All of the data, except its images, should be set down exactly as it appears.

• [Data extract]:
[Start of Attachment]

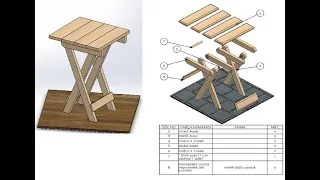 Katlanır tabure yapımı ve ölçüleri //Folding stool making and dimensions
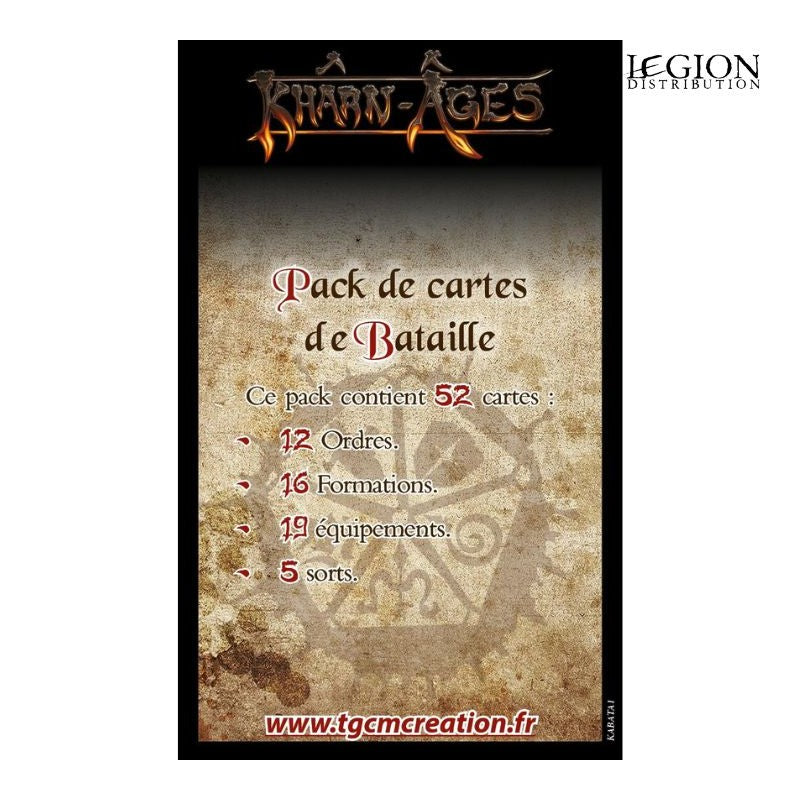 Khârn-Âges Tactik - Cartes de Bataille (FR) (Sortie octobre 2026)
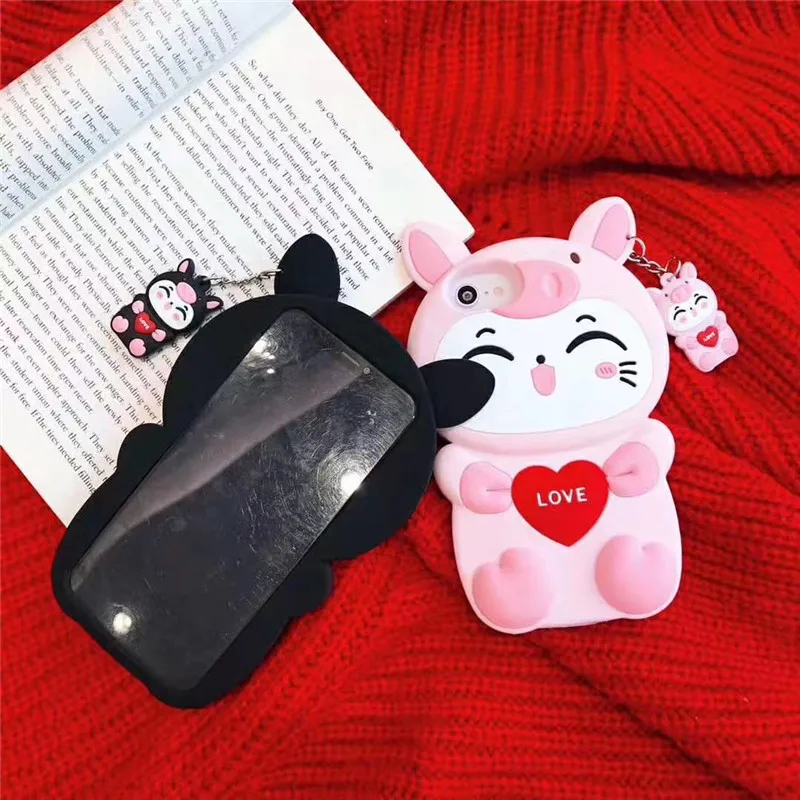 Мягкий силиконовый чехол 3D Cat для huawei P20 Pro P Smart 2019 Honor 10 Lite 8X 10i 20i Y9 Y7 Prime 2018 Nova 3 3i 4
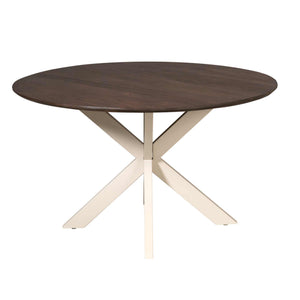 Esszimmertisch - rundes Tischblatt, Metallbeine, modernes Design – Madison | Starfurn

[End of Attachment]

• [Solution for this exercise]:
 Katlanır tabure yapımı ve ölçüleri //Folding stool making and dimensions
 Khârn-Âges Tactik - Cartes de Bataille (FR) (Sortie octobre 2026)
 Мягкий силиконовый чехол 3D Cat для huawei P20 Pro P Smart 2019 Honor 10 Lite 8X 10i 20i Y9 Y7 Prime 2018 Nova 3 3i 4
 Esszimmertisch - rundes Tischblatt, Metallbeine, modernes Design – Madison | Starfurn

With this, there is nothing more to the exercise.